1 Vamos começar com um facto histórico sobre as vitórias eleitorais da direita na democracia portuguesa. Os melhores resultados do bloco do centro-direita correspondem às grandes vitórias do PSD de Cavaco Silva em 1987 e em 1991. Se somarmos os votos do PSD com os do CDS, temos um total de 54,66% dos votos que corresponderam 151 deputados em 1987 e um total de 55.03% que elegeram apenas 140 deputados — ironias do nosso sistema eleitoral.
Esses resultados não corresponderam a nenhuma maioria política porque o PSD de Cavaco Silva, com maiorias absolutas robustas (as maiores até a este momento com 50,22% dos votos e 148 deputados em 87 e 50,60% dos votos e 135 deputados em 91) não via nisso qualquer vantagem face a um CDS que parecia à beira da extinção com apenas cerca de 4% dos votos.

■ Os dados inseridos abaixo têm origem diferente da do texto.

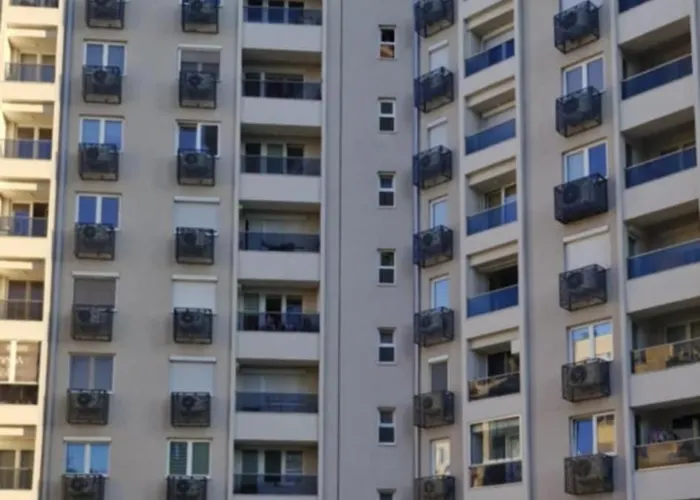 Apartament Fit Mornings *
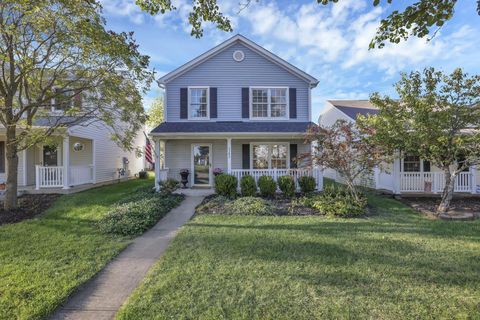 Photo of 5384 Horseshoe Drive N, Orient, OH 43146 (MLS # 225037136)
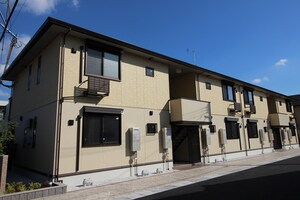 ＳレガシーＮ　A棟外観写真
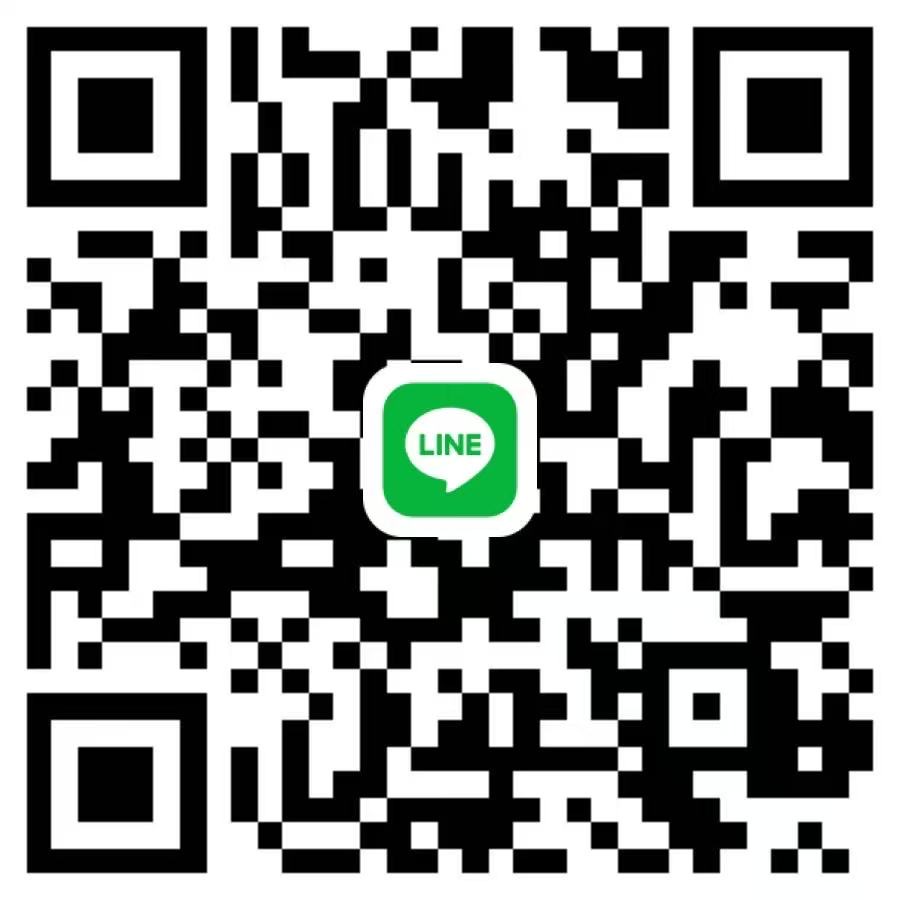 LINEお問い合わせ用QRコード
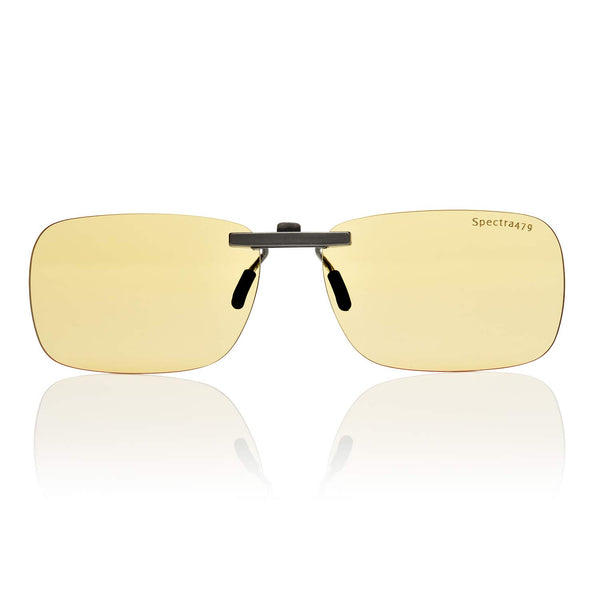 Clip-On Blue Blocking Eye Wear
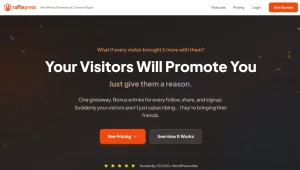 RafflePress Pro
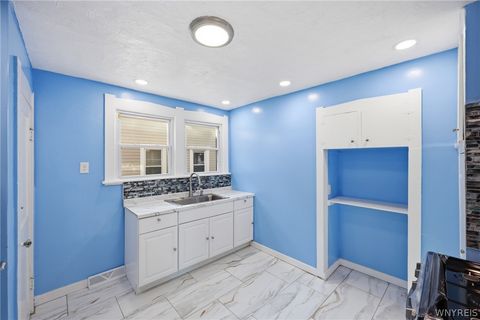 Tiny photo for 19 Martha Avenue, Buffalo, NY 14215 (MLS # B1693071)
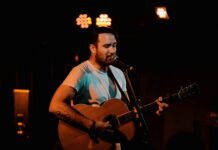 Five minutes with Micah Bentley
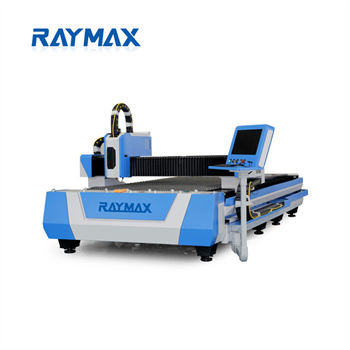 Prodhuesi i Kinës Raytu Makinë prerëse lazeri me fibra çeliku me pllaka prej hekuri inox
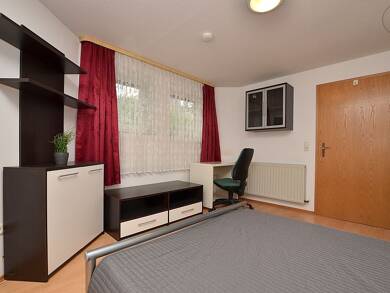 Wohnung zur Miete Wohnen auf Zeit 570 € 1,5 Zimmer 35 m² frei ab sofort Kleinlangheim Kleinlangheim 97355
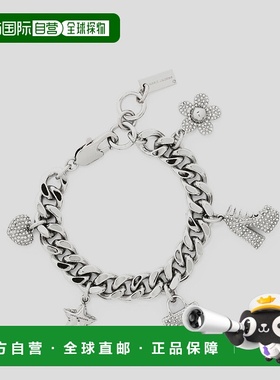 香港直邮MARC JACOBS 女士手链手镯 2R3JBR001J81059 CO 白色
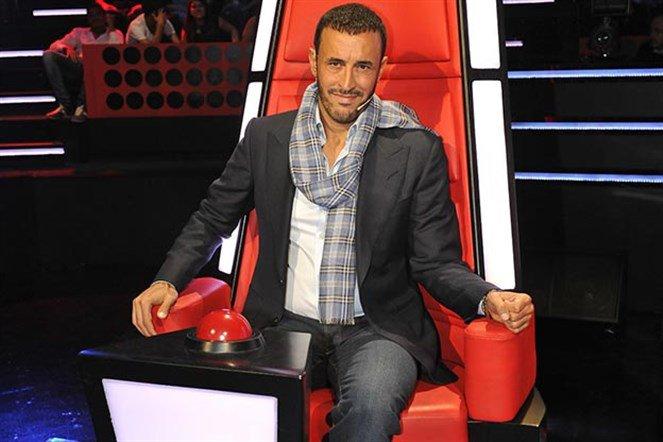 كاظم الساهر: أعلن إنسحابي من "ذا فويس كيدز"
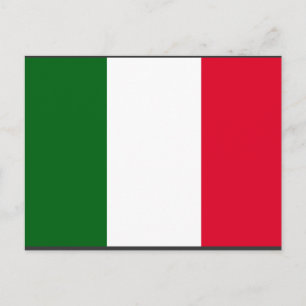 Italien, Italien Vykort
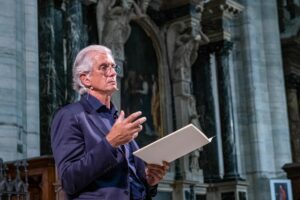 Milano - Commemorazione di Carlo Maria Martini nel Duomo a 10 anni dalla sua scomparsa Il Duomo di...
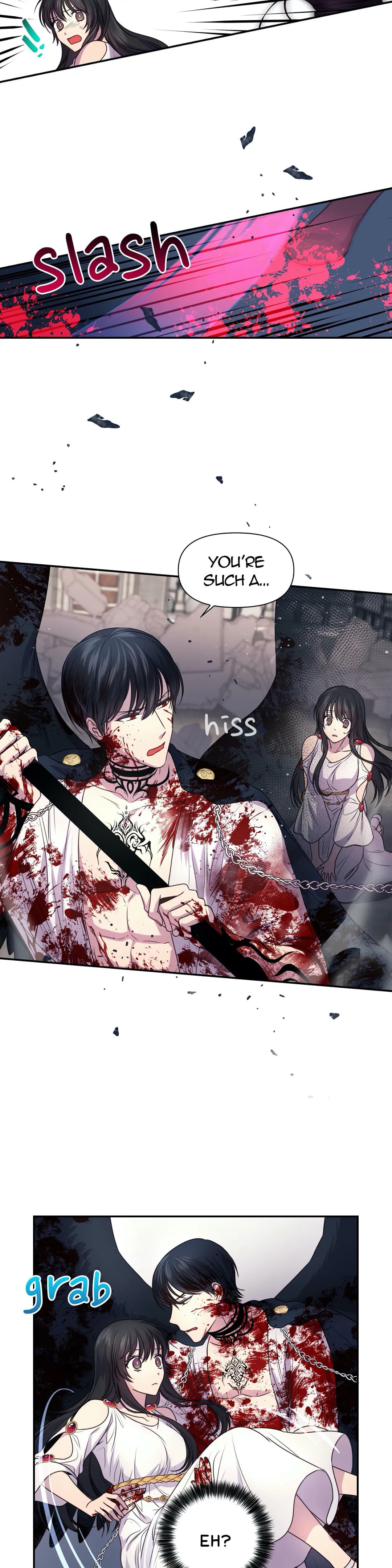 My Red String of Fate Chapter 10 page 10 - 
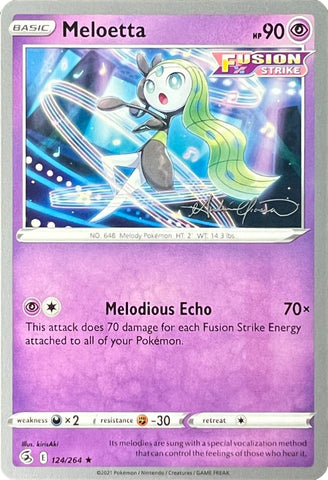 Meloetta (124/264) (The Shape of Mew - Andre Chiasson) [World Championships 2022]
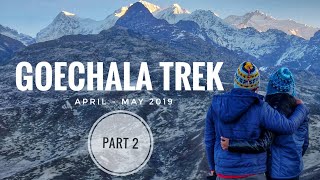 Dzongri & Thansing | Goechala Pass Trek | (Part 02 of 03) | Sikkim, INDIA | HillTrotters | May'19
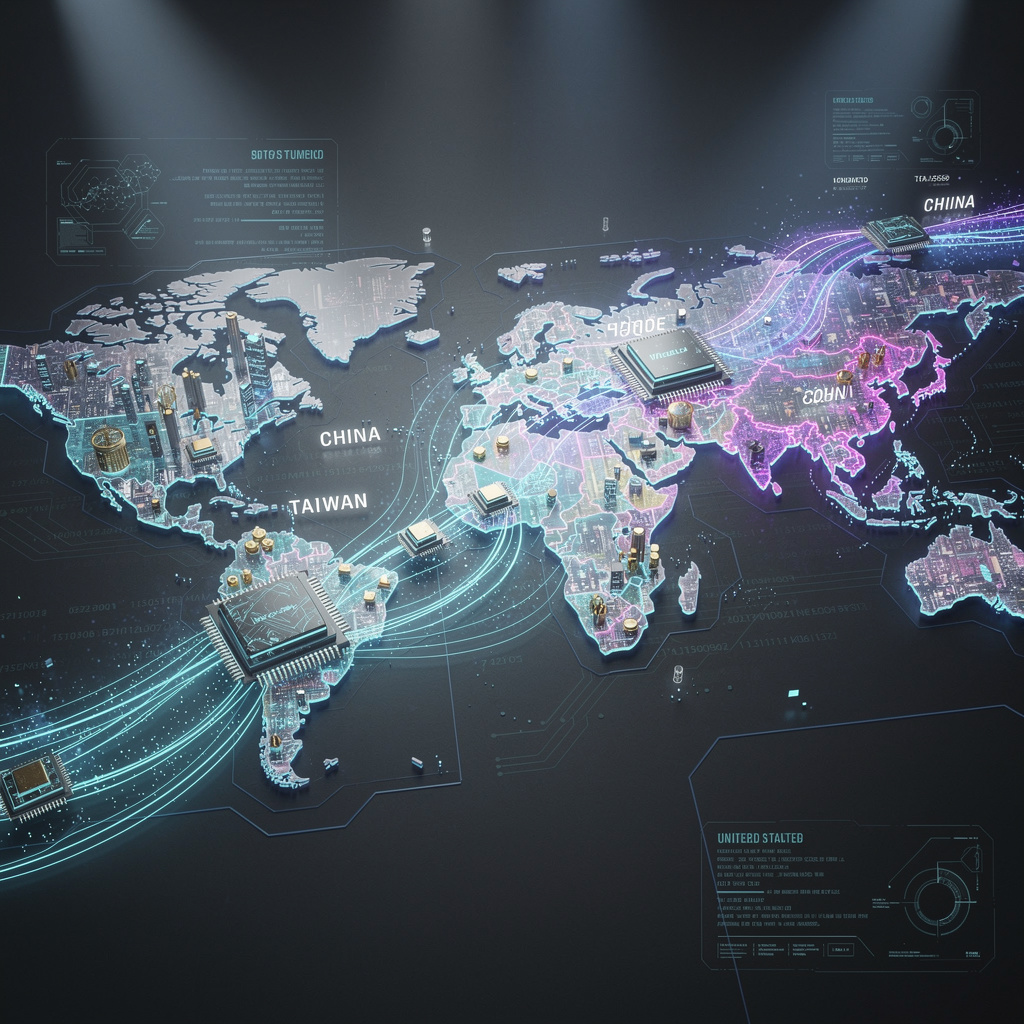How Trump's Chip Deal Is Reshaping the Global AI Arms Race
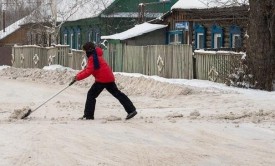 Такой дворник-клининг нам не нужен!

O mesmo aconteceu em 2005 em que um José Sócrates histórico conseguiu a primeira maioria absoluta para o PS com 45,05% dos votos e 120 deputados. Se somássemos os votos do PCP e do Bloco de Esquerda — com quem Sócrates sempre teve péssimas relações —, chegamos a um soma total de 58,99% e 142 deputados. Contudo, repito, este resultado é apenas aritmético (e o resultado mais robusto alguma vez alcançado por um bloco ideológico desde 1974) e não correspondia a nenhuma maioria política.
2 Se tivermos em conta a tendência de todas as sondagens destes últimos três meses — e que pode ser consultado neste agregador da Rádio Renascença —, parece claro os estudos de opinião indicam uma clara maioria do bloco da direita (AD + IL + Chega) que ronda os 54%.
Este dado sai reforçado com os dados da tracking poll que a TVI/CNN Portugal começou a publicar e que, ao fim de três dias, dá uma tendência de vitória à AD e coloca o bloco da direita com cerca 57% (com distribuição de indecisos).
A última sondagem da Universidade Católica acrescentou um dado novo surpreendente ao colocar a AD claramente à frente das intenções de voto com 35% dos votos e uma eventual coligação AD + IL à beira da maioria absoluta com os 7% que valerá a IL.
Se somarmos o Chega, temos um bloco de direita com 58% dos votos dos eleitores, sendo certo que tal percentagem equivaleria quase de certeza a um número de deputados que suplantaria os 148 deputados do PSD de Cavaco Silva em 1987 — muito por causa dos mandatos que o Chega deverá conquistar.
Ou seja, as sondagens indicam que o país pode virar claramente à direita a 10 de março, como nunca visto. Uma tendência que obviamente terá de ser confirmada durante a campanha e com os resultados eleitorais.
3 Dito isto, há uma pergunta que se impõe: deve a direita desbaratar a oportunidade de ter uma maioria política com quase 60% do Parlamento? Será que a direita não deve “dar uma nova chance ao país de fazer diferente” e agarrar “com as duas mãos” tal oportunidade “e dar força política ao Governo [liderado pela AD]” para fazer as transformações políticas, económicas e sociais que o pais precisa, como afirmou Pedro Passos Coelho esta segunda-feira em Faro?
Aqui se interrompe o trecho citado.